History of Philanthropy
Groups will collaborate to identify significant events and organizations in American history that involve philanthropy and share their findings with other student groups within the school.
The learner will:
- identify major events in American philanthropic history.
- research and present information on a major event in American history which furthered the development of philanthropy.
- Student copies of Roots of Philanthropy in the United States ( Attachment One )
- Chart paper and markers
- Masking tape
- Internet or library access for research
Interactive Parent / Student Homework: After the first day, the learner will follow up the discussion with his/her parents from Lesson One: What Is Service Learning? This follow-up should include a discussion of what the family can do together that fits the theme of philanthropy.

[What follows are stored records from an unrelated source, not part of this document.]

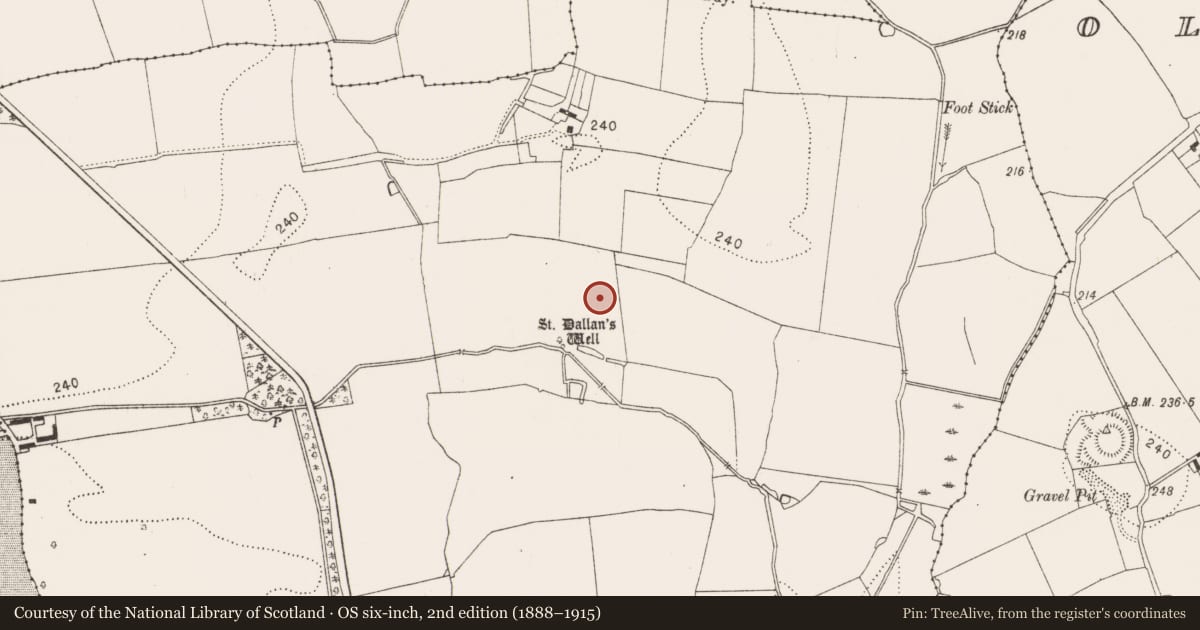 Ordnance Survey six-inch map, 2nd edition (1888–1915) covering the location of Graveyard, Burnchurch, County Kilkenny, with a pin at the register's coordinates
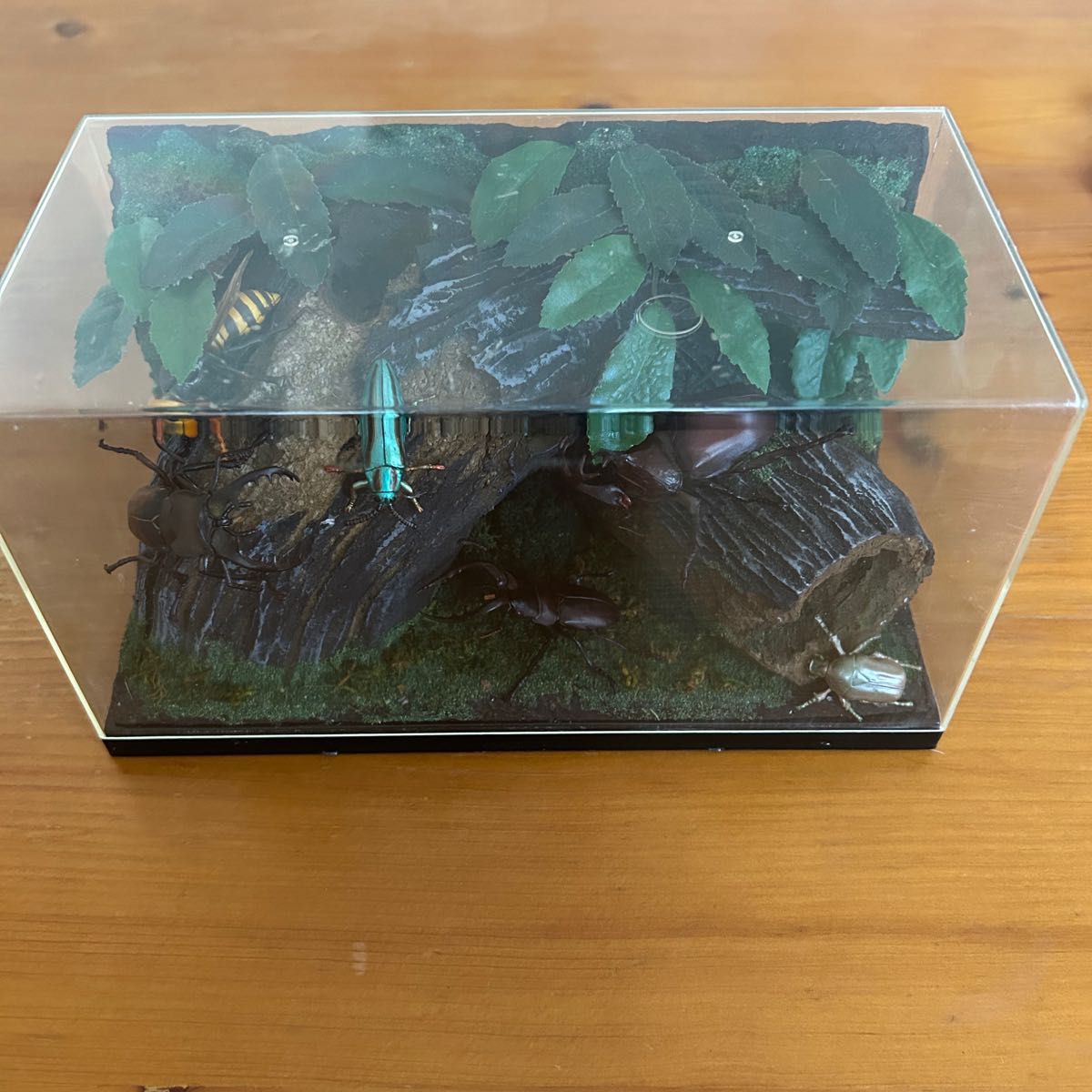Primary color Japanese insect book diorama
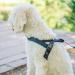 Buy Nobby Norwegian Mesh Preno Harness - Turquoise Size L (50-64 cm) | International Shipping - Buy Online on GoSupps.com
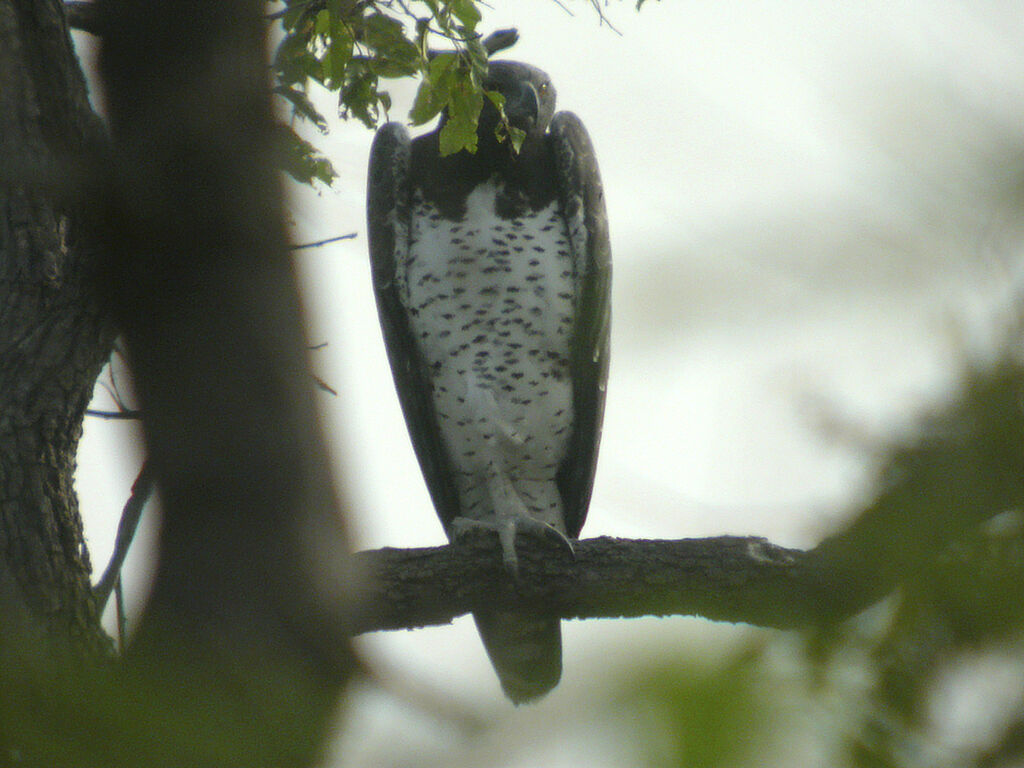 Martial Eagle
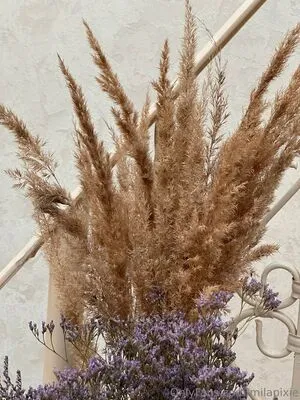 Milapixie OnlyFans Leaked Free Thumbnail Picture - #d5QpMrhUfS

Burlingame, Dwight. “History of Philanthropy.” The Center on Philanthropy at Indiana University, 2003. http://www.philanthropy.iupui.edu
Ask students to recall their earliest memory of philanthropy. It can be something that they observed, did for someone else, or were recipients. Ask them to approximate the year in which the memory occurred (giving money to Salvation Army bell ringers as a 4 year old in 20__). As a group, silently get in chronological order of the year the memory occurred. The learners will need to use other modes of communication to achieve this. Once the students are ready, ask each person to share his/her earliest memory. Note the year and age of earliest memory.
State that the United States has a “memory” or history of philanthropy. Then have the group brainstorm a list of significant organizations or events in America that have shaped philanthropy in America. Record the events on chart paper. Try to apply years or time periods, if possible.

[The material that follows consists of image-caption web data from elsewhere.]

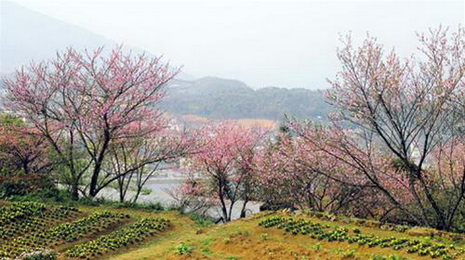 Awesome cherry blossoms in Sa Pa resort town in northern Vietnam's Lao Cai Province.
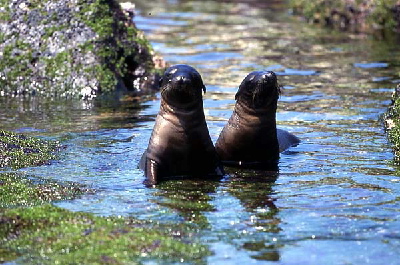 two sealions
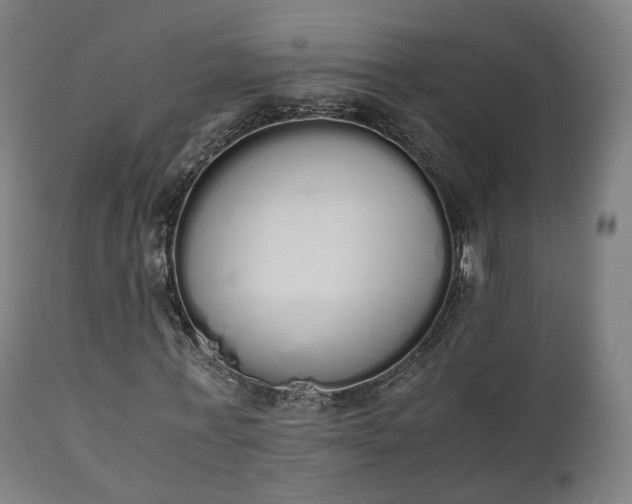 X0000111450771200907201048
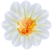:MazeFlower:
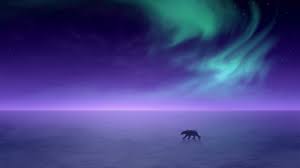 Aurora Boreale Inverno Hd Sfondo Del Desktop Widescreen Alta Definizione Fullscreen Scarica questo vettore gratis su sfondo colorato aurora boreale e scopri oltre 9 milioni di risorse grafiche professionali su freepik.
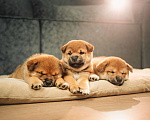 Собаки в Казани: щенки сиба-ину Мальчик, 60 000 руб. - фото 2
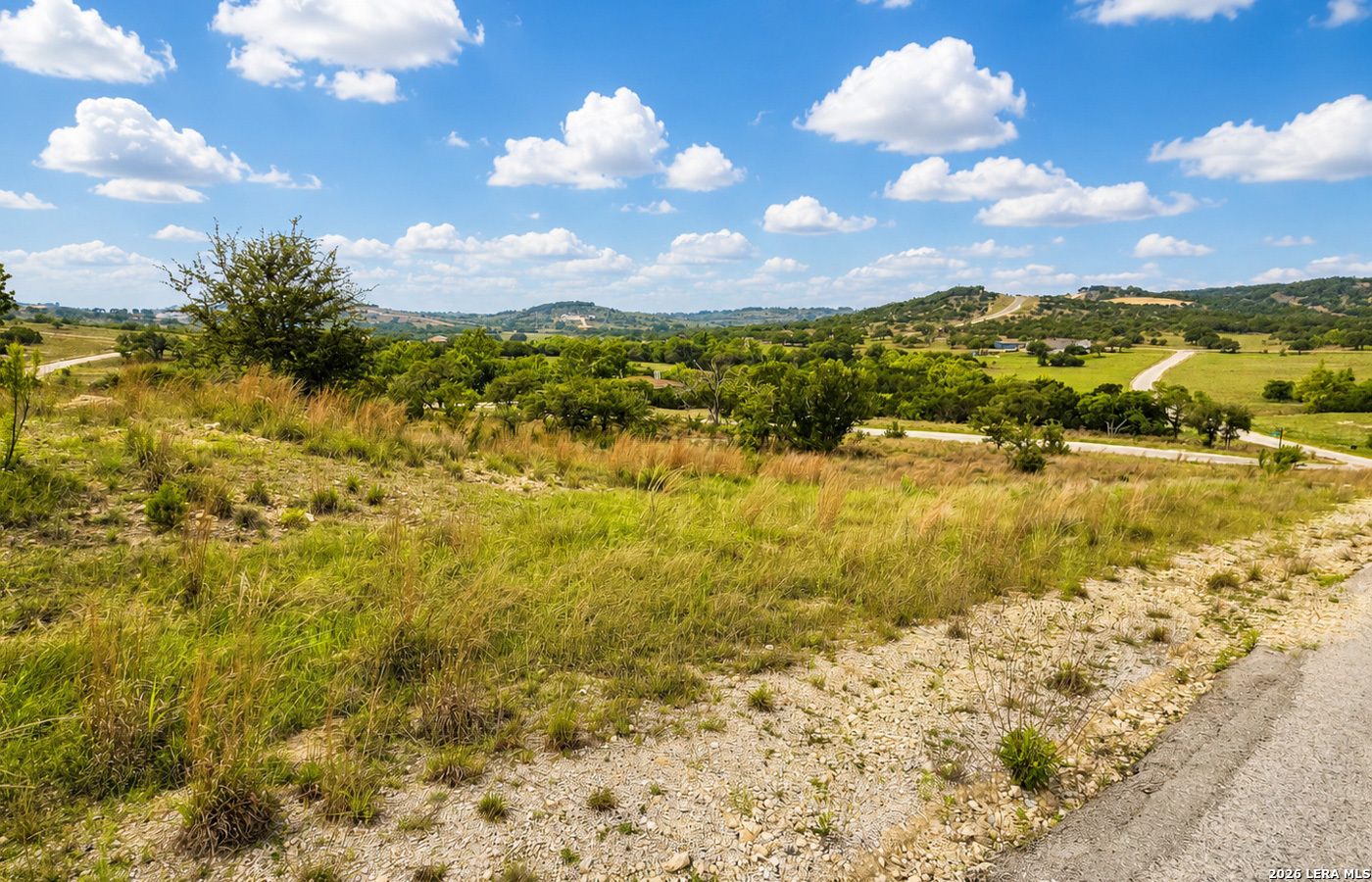 Tbd Falling Oak Blanco, TX 78606 - Photo 6 of 21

Distribute student copies of Roots of Philanthropy in the United States (handout). Check for correlations between the learner-generated timeline and the general timeline. Decide on one organization or significant event in philanthropic history that is of interest to the entire group for research purposes.
Days Two through Four
As a group, research the topic chosen. Look for specific information such as:
- why this event was significant;
- the situations and background information that led to the specific event or organization;
- the effect of the event or organization on American philanthropy;
- individual(s) who played a significant role as well as the year(s) of the event or organization;
- other relevant information.
Students prepare a five-minute presentation of the information researched. All group members must play an active role in the presentation. A visual on chart paper including the date(s) of the event or inception of the organization across the top is required. The more creative and interactive, the more interesting the presentation will be for the learner.
Days Five and Six:
Gather all advisory groups together. Ask each group to present its information. As groups are presenting, every learner is to write two main ideas from each presentation. At the end of each presentation, provide an opportunity for students to ask questions of the presenters.
Post visuals in chronological order around the room after the presentations. If possible, after all presentations are completed, post them on a bulletin board in the hallway during study of the entire unit.

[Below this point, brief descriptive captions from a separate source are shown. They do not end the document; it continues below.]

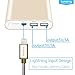 Lumsing 12000mAh Battery Pack External Portable Charger iPhone Apple Lightning Power Bank Gold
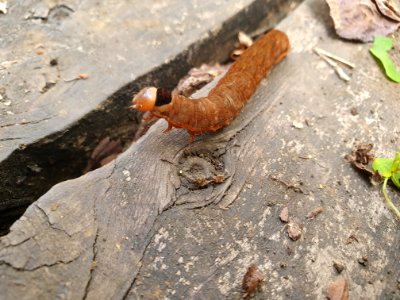 Worm in Tokyo 2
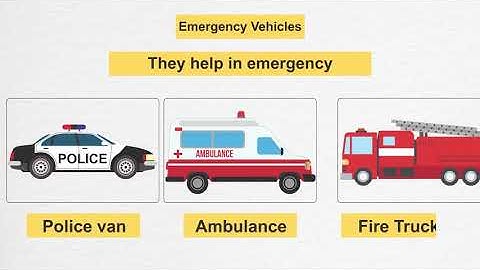 Class 3 EVS Chapter 11 From Here to There  English Environmental Studies cbse ncert Looking Around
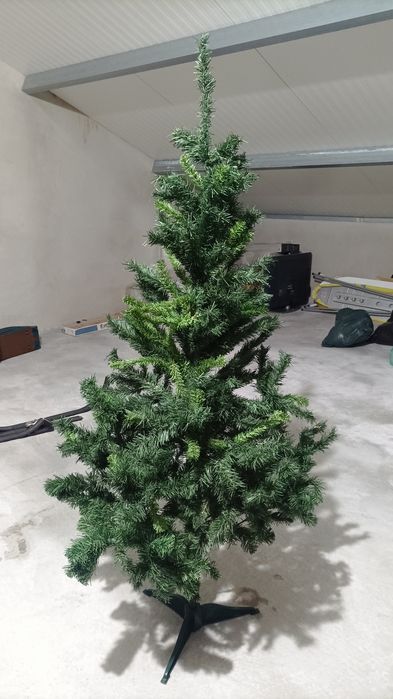 Pinheiro de Natal, 150 cm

The journal entries recording two main ideas from each presentation will assess learning in this lesson.
None for this lesson.
Strand PHIL.I Definitions of Philanthropy
Standard DP 01. Define Philanthropy
Benchmark MS.3 Identify the philanthropic ideas embedded in a nation's founding documents.
Strand PHIL.II Philanthropy and Civil Society
Standard PCS 05. Philanthropy and Government
Benchmark MS.6 Describe how the founding documents and fundamental democratic principles encourage citizens to act philanthropically.